Starting at the line with "Perdana Semester 1, Fathiyyah" and ending at the line with "2022 Kia K5 EX photo 1", print exactly the lines of the entries below. Pictures do not belong in the copy.

▸ **Source material**
--- START ---
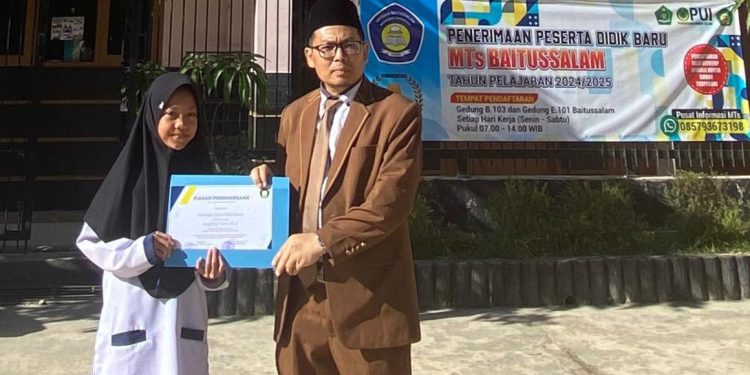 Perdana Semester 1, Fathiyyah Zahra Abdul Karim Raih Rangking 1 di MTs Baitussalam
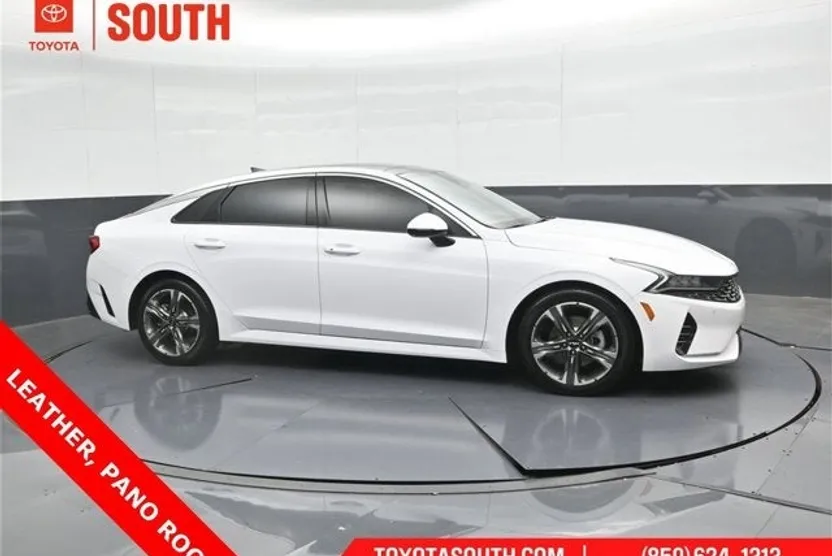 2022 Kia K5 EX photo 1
--- END ---
--- START ---
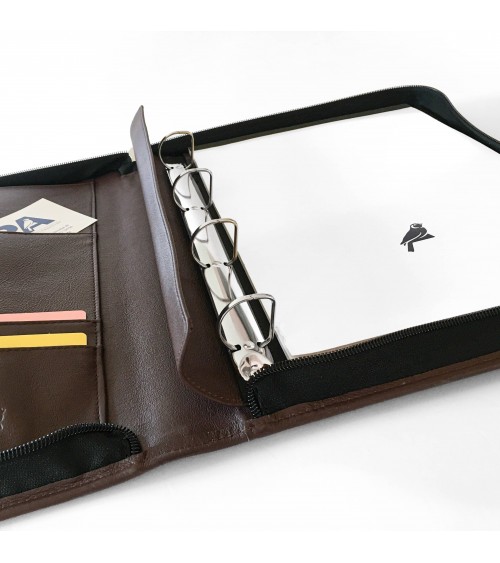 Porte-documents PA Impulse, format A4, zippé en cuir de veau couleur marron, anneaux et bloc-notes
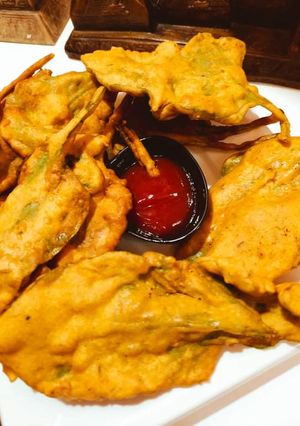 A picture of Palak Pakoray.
--- END ---
--- START ---
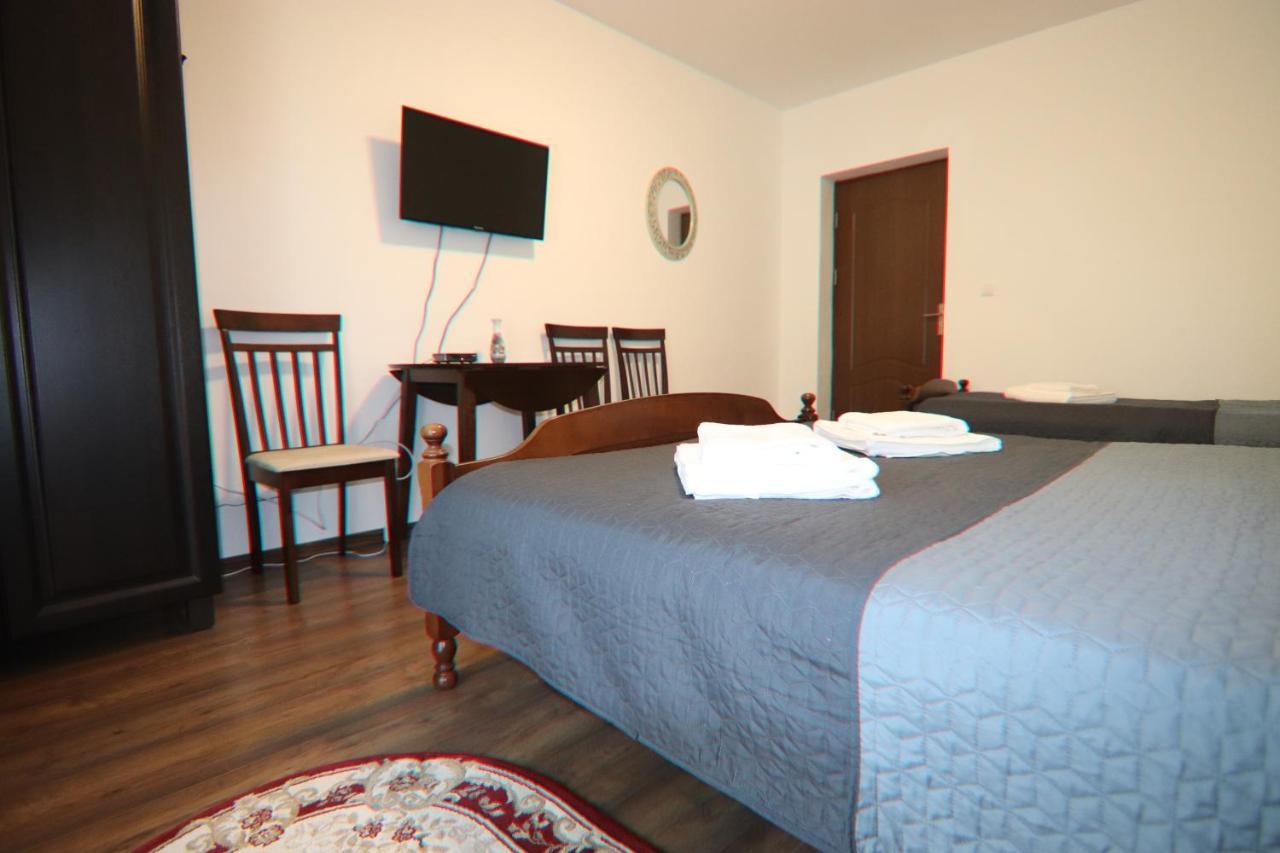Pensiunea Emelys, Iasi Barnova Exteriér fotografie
--- END ---
▸ **Your response**
 Perdana Semester 1, Fathiyyah Zahra Abdul Karim Raih Rangking 1 di MTs Baitussalam
 2022 Kia K5 EX photo 1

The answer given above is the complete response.